§ Source information

-- Opening Marker --

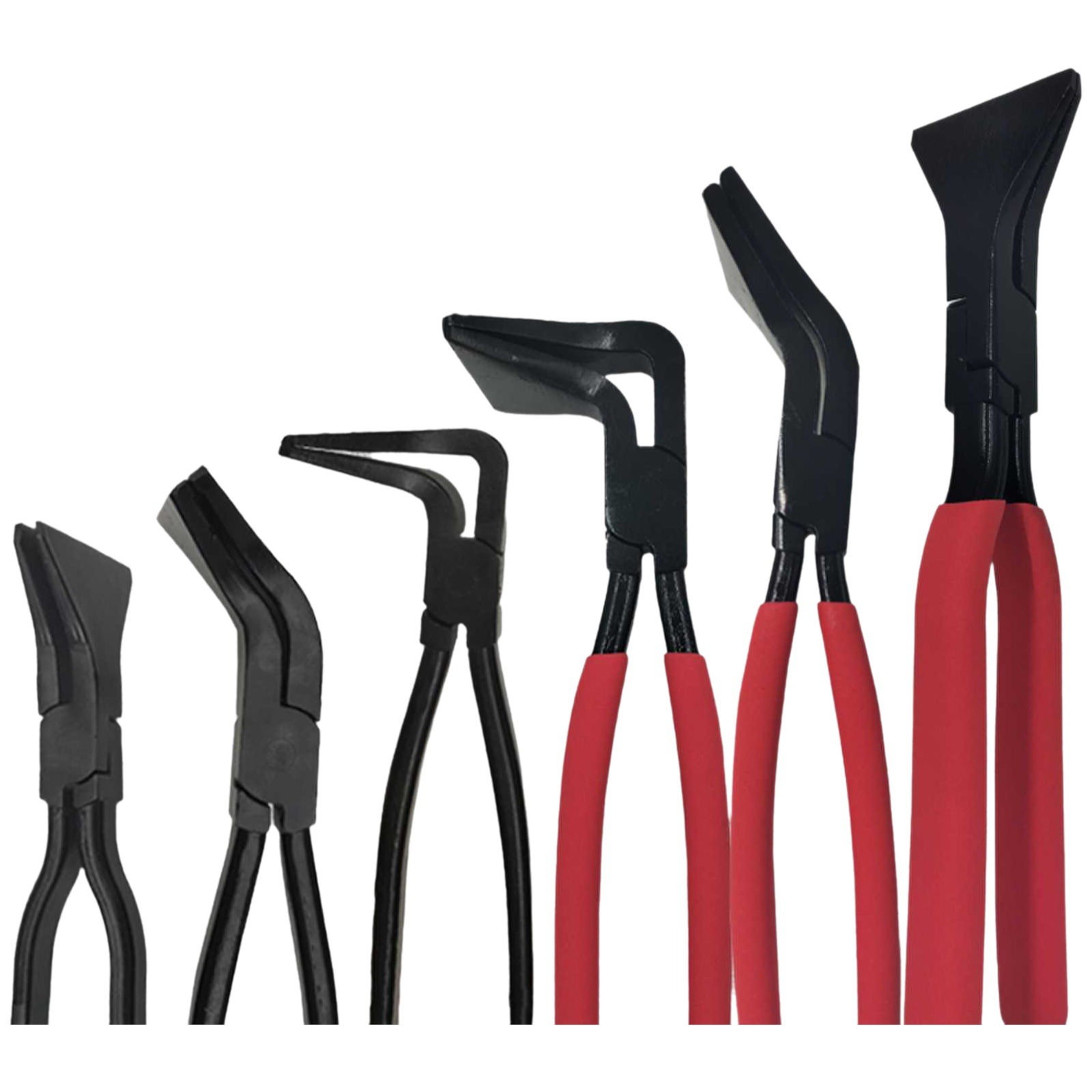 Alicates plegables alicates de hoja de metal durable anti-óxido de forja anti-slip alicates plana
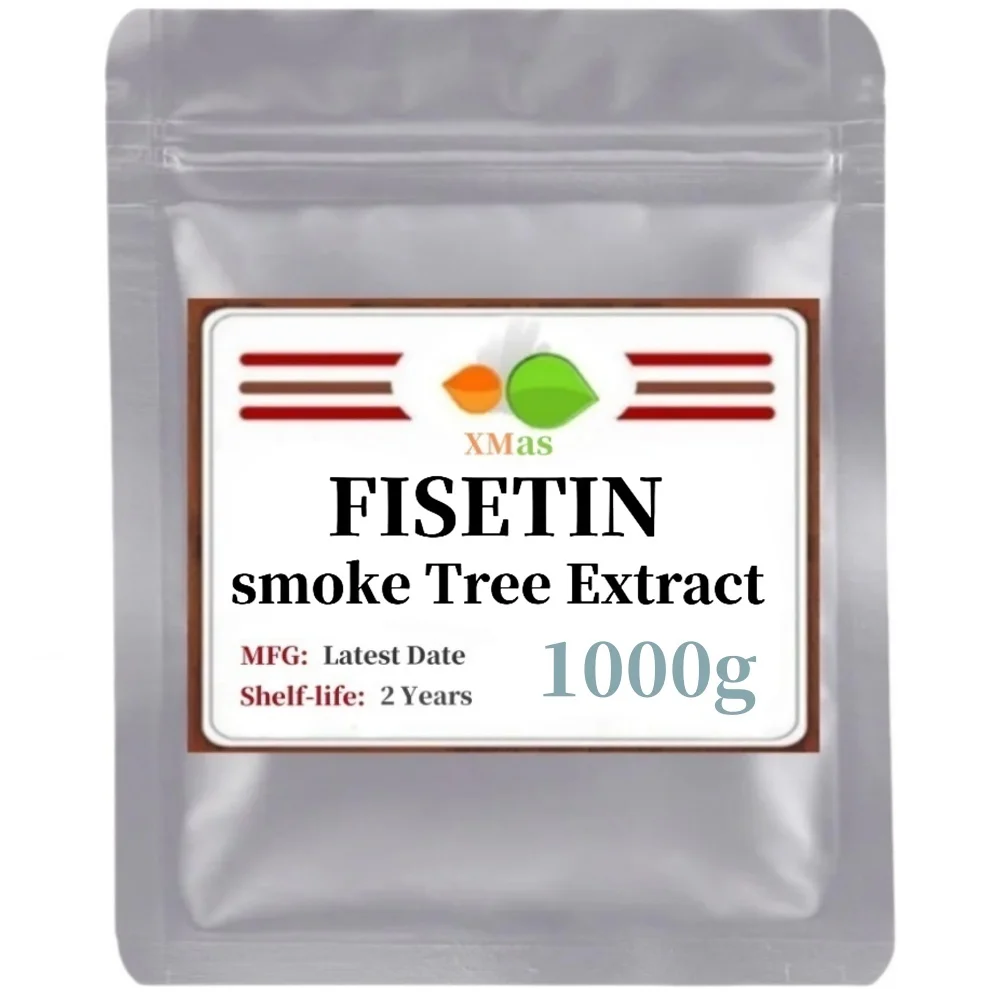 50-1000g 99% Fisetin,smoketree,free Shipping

-- Closing Marker --
-- Opening Marker --

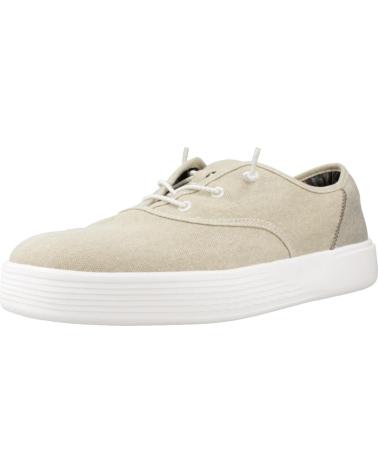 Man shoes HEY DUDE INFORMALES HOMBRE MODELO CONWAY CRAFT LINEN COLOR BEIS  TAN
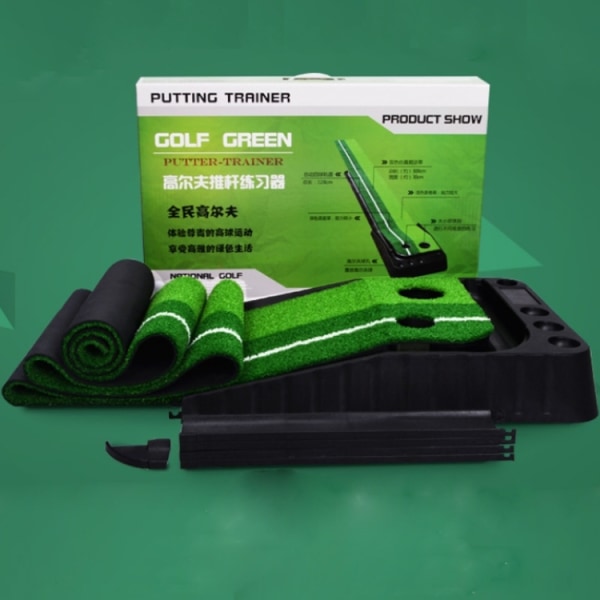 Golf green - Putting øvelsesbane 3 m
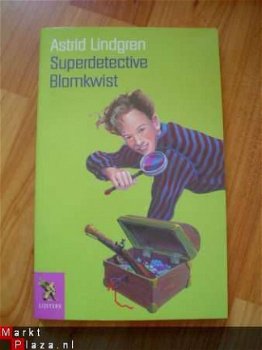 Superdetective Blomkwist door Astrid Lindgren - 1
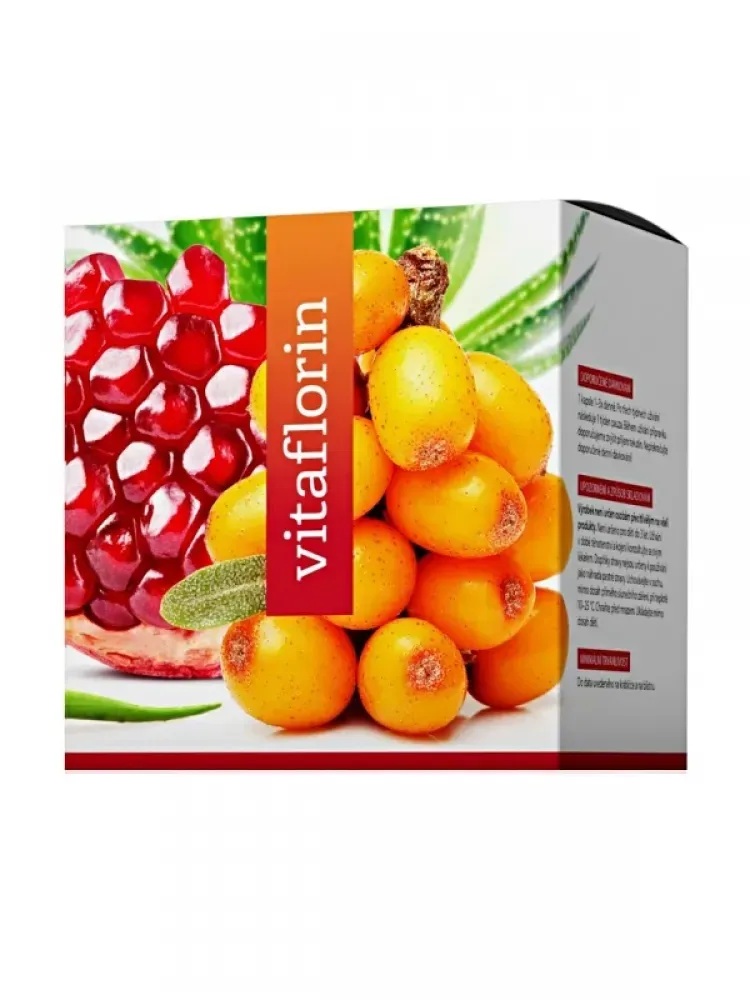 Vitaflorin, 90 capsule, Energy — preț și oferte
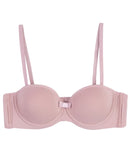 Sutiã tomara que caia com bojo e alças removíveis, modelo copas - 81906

-- Closing Marker --

§ Aim of the exercise
Pictures do not belong in the answer. Return the lines above starting at the one with "Superdetective Blomkwist door" and ending at the one with "Sutiã tomara que", both kept, exactly.

§ Expected answer
 Superdetective Blomkwist door Astrid Lindgren - 1
 Vitaflorin, 90 capsule, Energy — preț și oferte
 Sutiã tomara que caia com bojo e alças removíveis, modelo copas - 81906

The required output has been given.